Well I’m here now to tell you, it ain’t like that. I’m freaking cold, and I feel about as creative as an ice cube. So the only writing I’ll be doing today is this blog post. Then I’m going to take a long, excruciatingly hot bath. Then I’m going to curl up under a blanket with my dog and read a book about someplace warm.

So there.


* My memories are likely flawed. I thought about watching the film again, but I didn’t think I could stand the ice and snow. Or the over-the-top melodrama.

Monday, February 10, 2014

Writing for the Long Haul

I've been buried in a rewrite for the past couple months, so even less blogging than usual, but I did find time to write a short piece for Janni Lee Simner's blog.
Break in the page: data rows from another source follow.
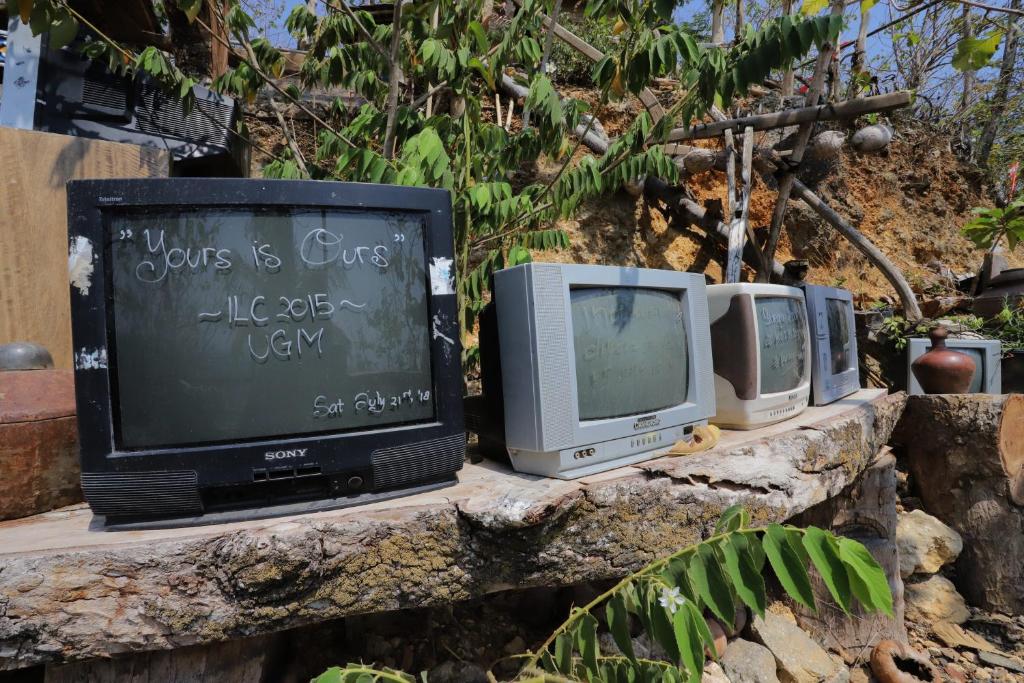 una fila de viejos televisores sentados en una pared de piedra en NewAlasKuliner & HomestayWatulumbung, en Yogyakarta
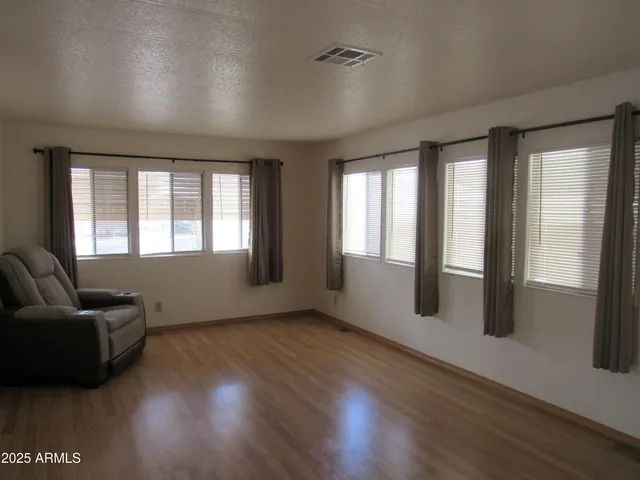a view of livingroom with furniture wooden floor and windows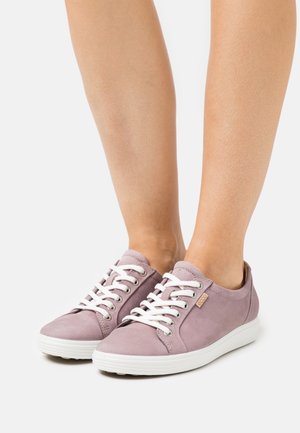 Jambes portant des baskets à lacets violet clair avec des semelles blanches et des lacets blancs, debout sur une surface blanche unie.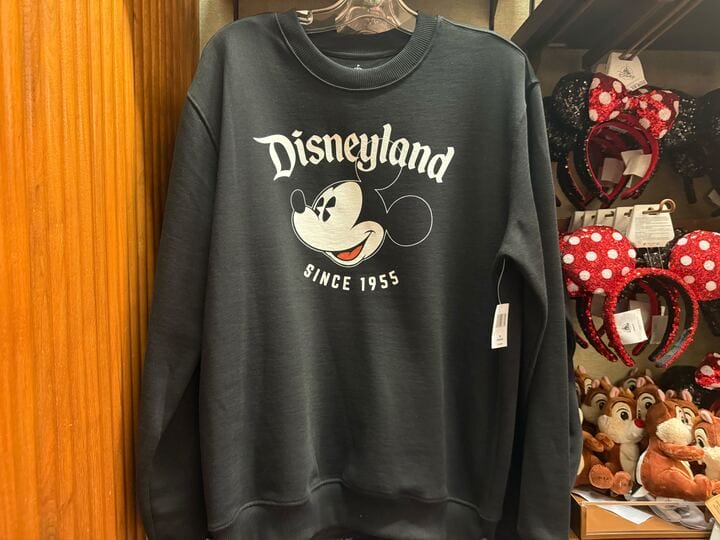 A black Disneyland sweatshirt with Mickey Mouse and "Since 1955," next to Minnie ear headbands, classic Main Street U.S.A. style.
She has been running a series called "Writing for the Long Haul." It's an interesting idea, and she's getting some nice contributions from long-time writers.

My piece is a variation on something I posted here last fall, but I deleted the Pointer Sisters and added some other stuff, and it's better. Check it out here.

In other news, have you seen the Klaatu Terminus book trailer yet? It's on the new Klaatu Diskos website, and on YouTube.

I'm now working on two Top Secret Projects. They didn't used to be secret—I've talked about them a lot, on my blog and in other public forums, but I've decided that they are now Secret to, you know, create a sense of mystery and eager anticipation. Do you feel it? Are you intrigued and excited?

Yeah, me too!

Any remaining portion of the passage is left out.